• Records to use:

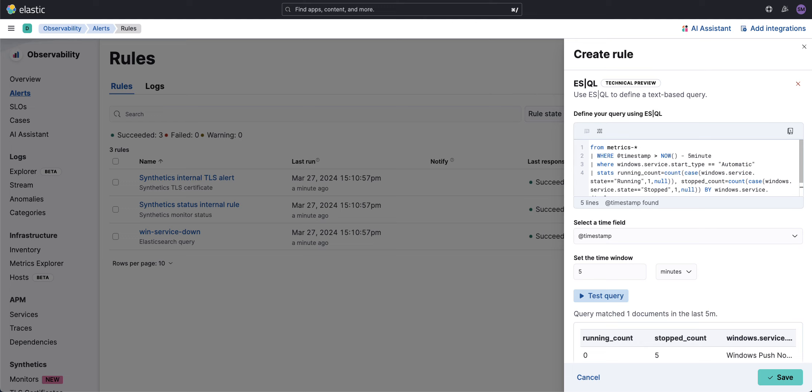Historically, we've had to write a query, transform, and create watcher events. Now with ES|QL and alerting, this is incredibly simple. Thanks for watching, hope that was helpful.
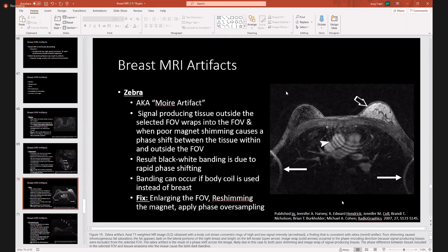This image demonstrates all the most common MRI artifacts. The zebra or moiré artifact is here in the middle, denoted by the arrowhead. With the other arrow, you see the wraparound artifact. The open arrow shows incomplete fat saturation. You can actually see some motion on this as well.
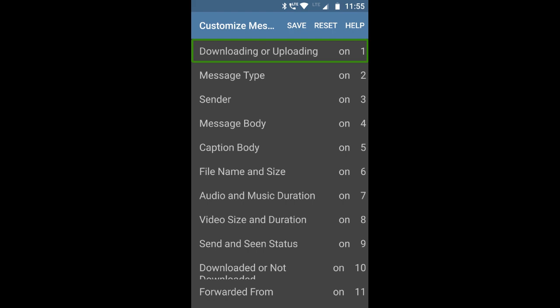Most of the options are self-explanatory. There is downloading or uploading announcement, message type, sender, message body, caption body, file name and size, and audio and music duration. Each can be toggled on or off, so you can configure exactly what you want your screen reader to announce.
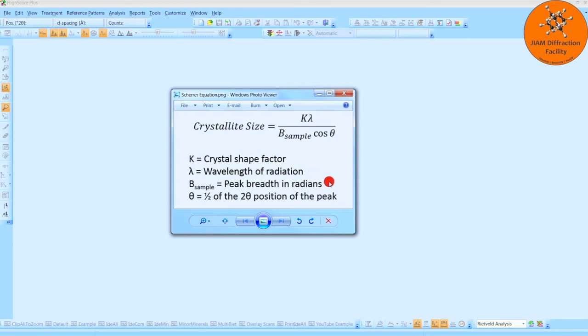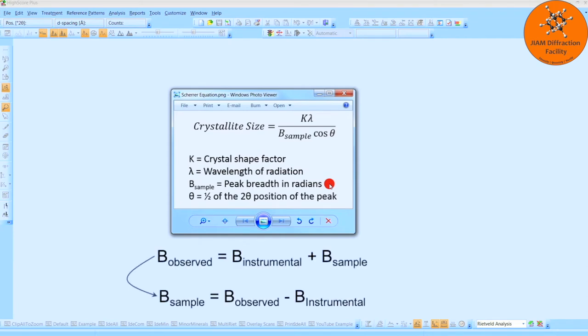B sample is the peak breadth in radians. And just to be clear, this is not the broadening that you see in the diffraction pattern, because the broadening in the diffraction pattern is caused by the sample broadening plus the instrumental broadening. So this one here is just the sample broadening.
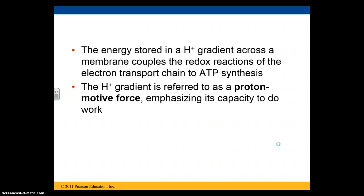This is an example of how chemical reactions are coupled — we've got a process that releases energy and a process that needs or absorbs energy. The proton gradient, or H+ gradient, is sometimes also referred to as a proton motive force, because a hydrogen ion with a positive charge is essentially a proton, and that force gives it the capacity to do work.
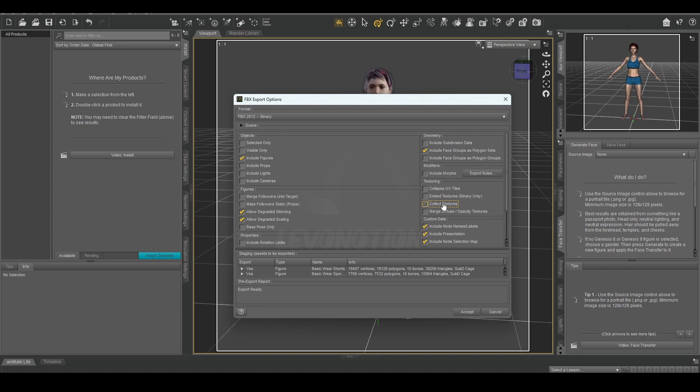...is instead of embed, I unchecked 'Embed Textures' and clicked on 'Collect Textures'. The reason I did this is because I don't want the textures to be embedded in the files. If they are embedded, I still have to unzip them, rename them, and then use them. So instead of going through that stress...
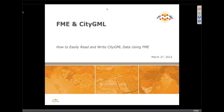Good morning, everyone. I'm Dean Hintz and I have Dave Campanis with me and we're going to talk about FME and CityGML and how to quickly and easily read and write CityGML data with FME.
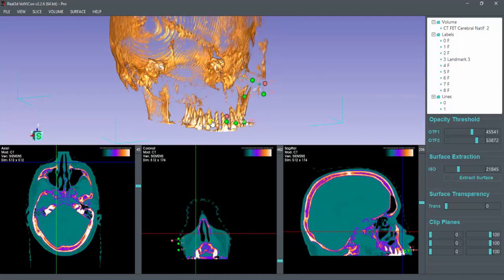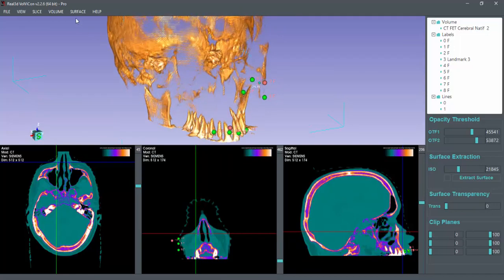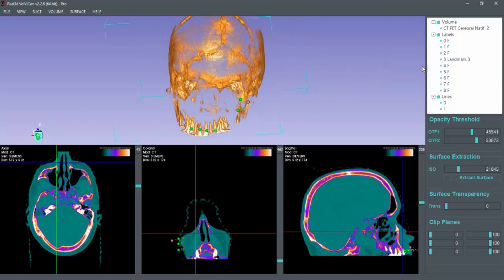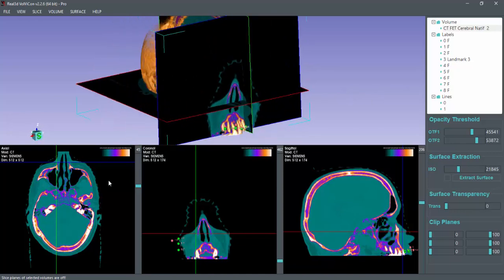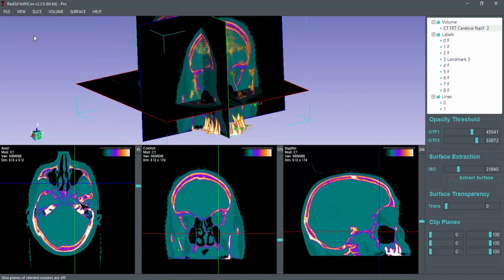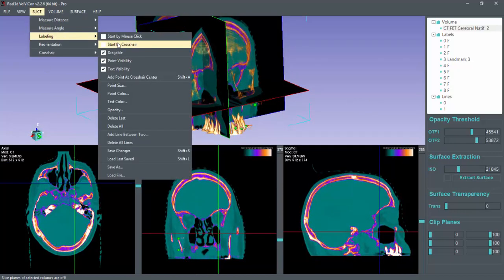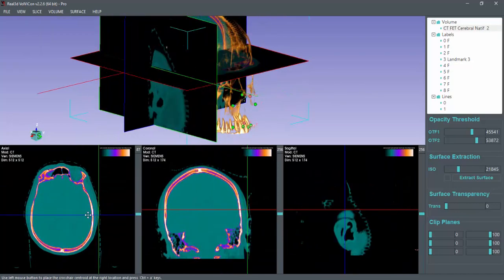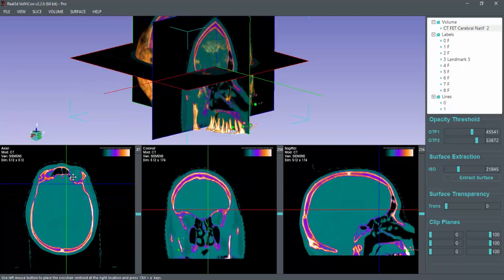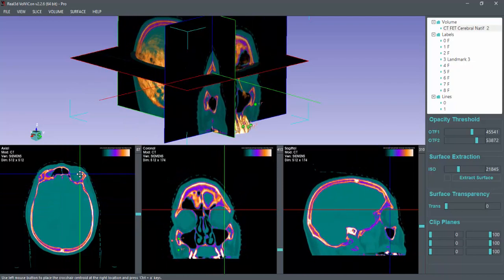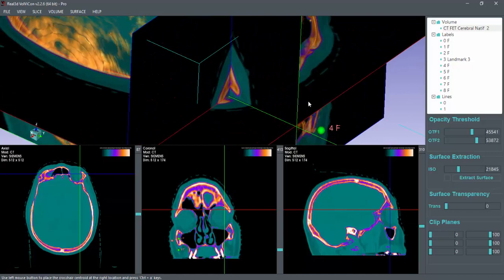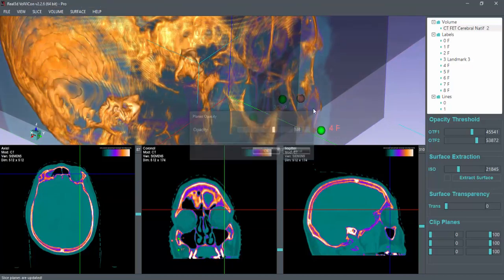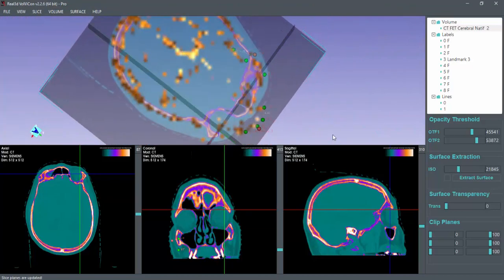You can also enable slice planes when you have crosshair. The crosshair will appear at the center, and then you need to move this crosshair at desired location. You can change the opacity of these slice planes.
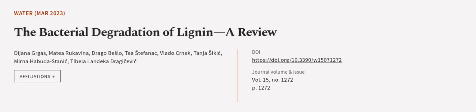This article was authored by Dijana Gregas, Matea Rekovina, Drago Beslo, and others. We Are Article dot TV, links in the description below.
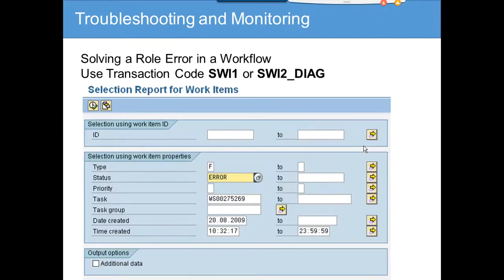The next one is SWI2_DIAC. This fetches all the workflows that are in error. We have already discussed a program that you can schedule periodically that will restart any workflows that are in error.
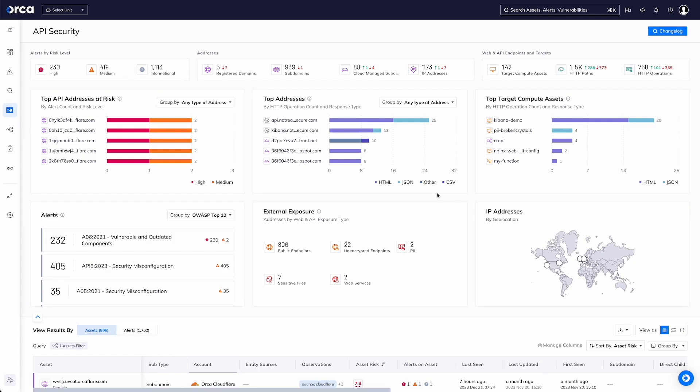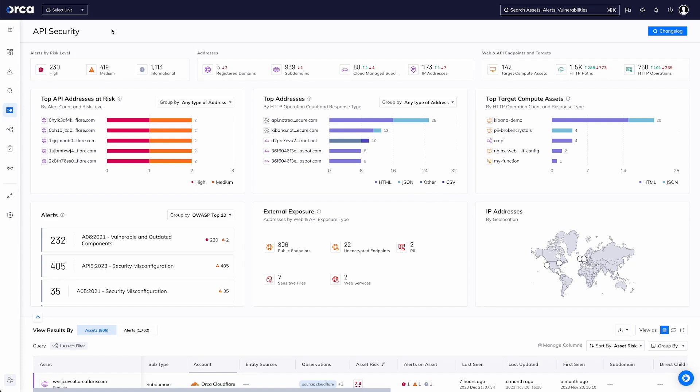API security is oftentimes seen as a separate silo with separate tooling that gets deployed to provide developers with API information. We believe it should be part of the entire cloud-native application protection platform, and we have an API security view as we can see here.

• Exercise requirements: The copy should hold exactly the lines from the line containing "This article was" through the last line of the records, both included, and no pictures or other lines.

• Completed exercise:
This article was authored by Dijana Gregas, Matea Rekovina, Drago Beslo, and others. We Are Article dot TV, links in the description below.
The next one is SWI2_DIAC. This fetches all the workflows that are in error. We have already discussed a program that you can schedule periodically that will restart any workflows that are in error.
API security is oftentimes seen as a separate silo with separate tooling that gets deployed to provide developers with API information. We believe it should be part of the entire cloud-native application protection platform, and we have an API security view as we can see here.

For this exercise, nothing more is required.